▸ What you should do: This task calls for the lines below starting at the one containing "Coffee beans and empty cup" and ending at the one containing "This bedroom features", repeated exactly with both ends kept and pictures left out.

▸ Data excerpts:
↓

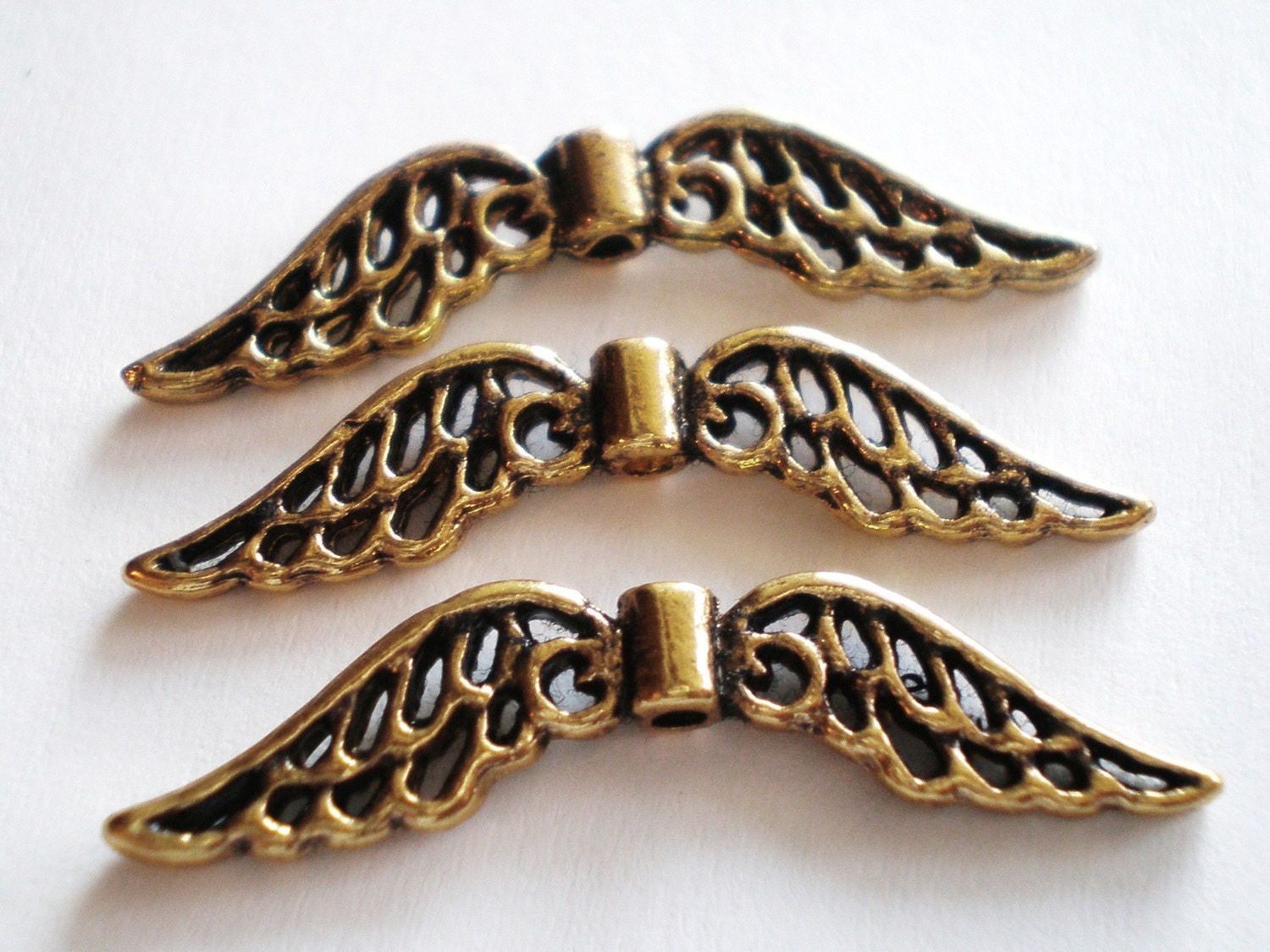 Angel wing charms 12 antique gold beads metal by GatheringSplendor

↑
↓

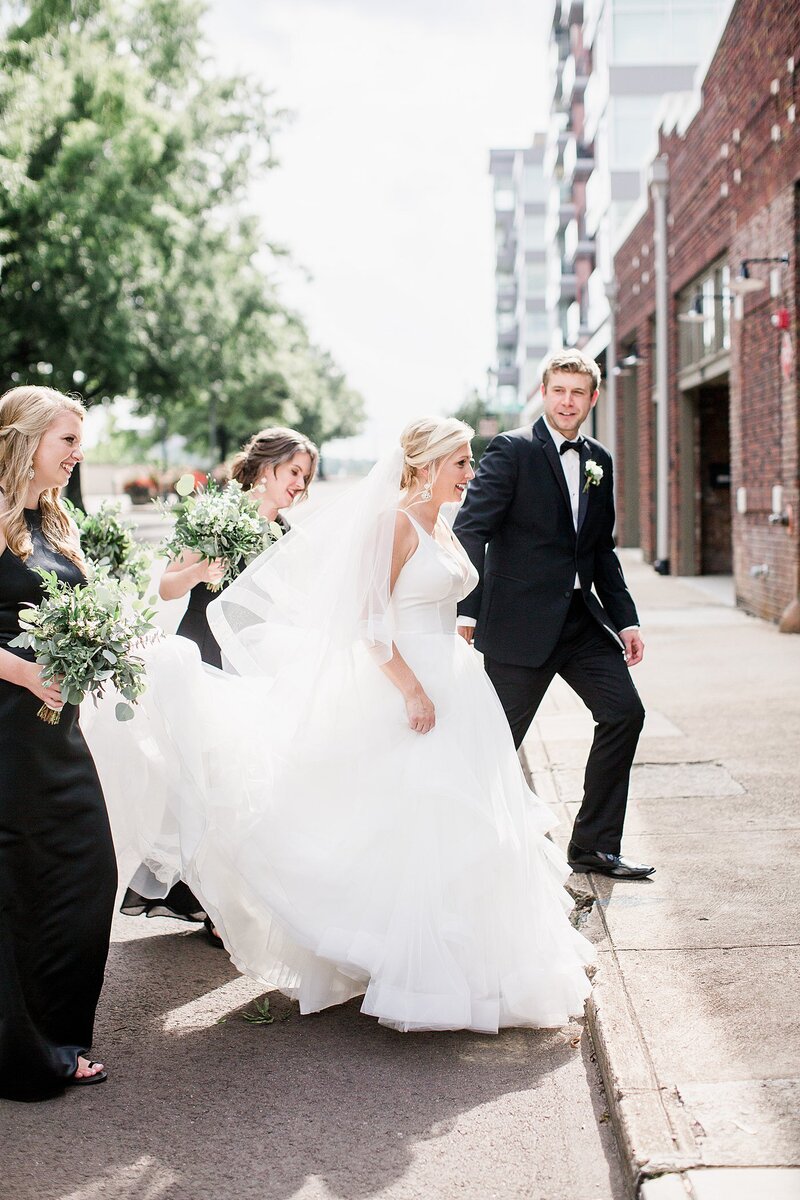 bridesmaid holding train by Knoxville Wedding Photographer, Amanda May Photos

↑
↓

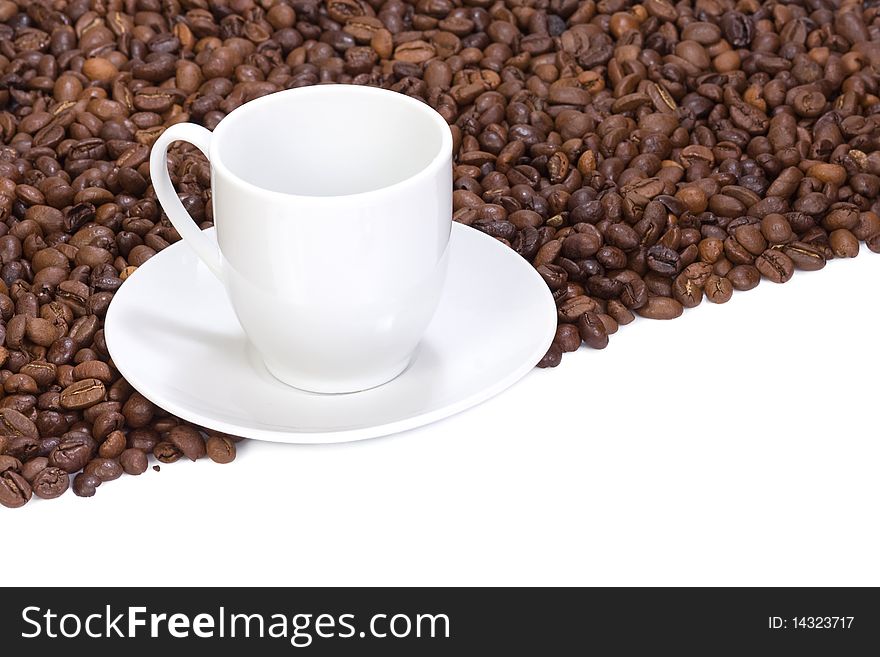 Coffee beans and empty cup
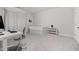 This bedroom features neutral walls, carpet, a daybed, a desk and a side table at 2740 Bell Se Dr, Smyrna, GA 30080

↑

▸ Response to the exercise:
 Coffee beans and empty cup
 This bedroom features neutral walls, carpet, a daybed, a desk and a side table at 2740 Bell Se Dr, Smyrna, GA 30080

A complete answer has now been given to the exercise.